INFORMATION SHOWN —
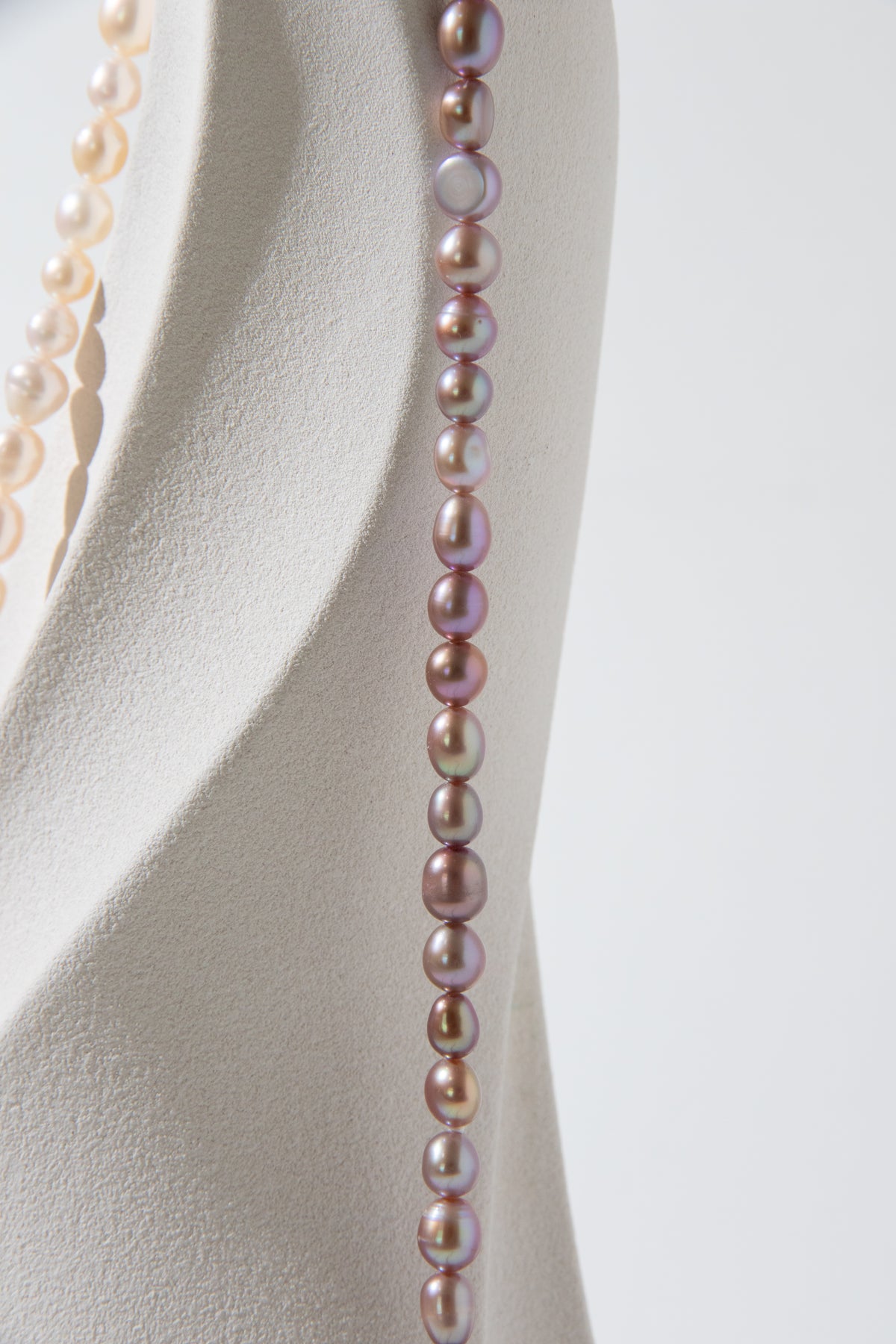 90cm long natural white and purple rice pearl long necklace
...
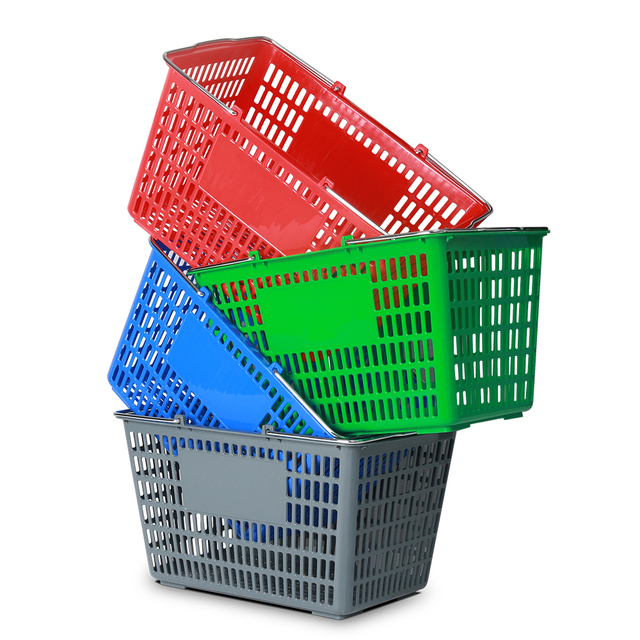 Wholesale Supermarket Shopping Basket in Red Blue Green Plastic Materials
---
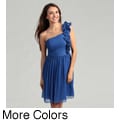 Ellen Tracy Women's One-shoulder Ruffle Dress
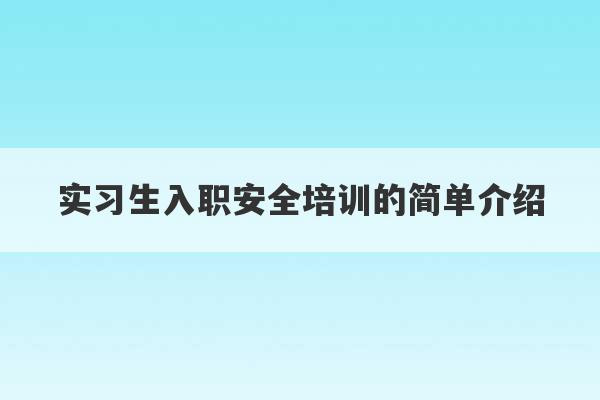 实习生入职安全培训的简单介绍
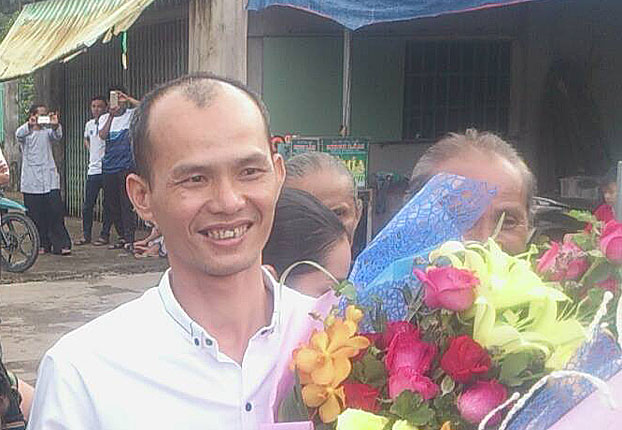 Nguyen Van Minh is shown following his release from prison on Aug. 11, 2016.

AIM OF THE EXERCISE — Please output, exactly as written, the lines above from the one holding "实习生入职安全培训的简单介绍" through the one holding "Nguyen Van Minh", both included, with the pictures omitted.

ANSWER TO THIS EXERCISE —
 实习生入职安全培训的简单介绍
 Nguyen Van Minh is shown following his release from prison on Aug. 11, 2016.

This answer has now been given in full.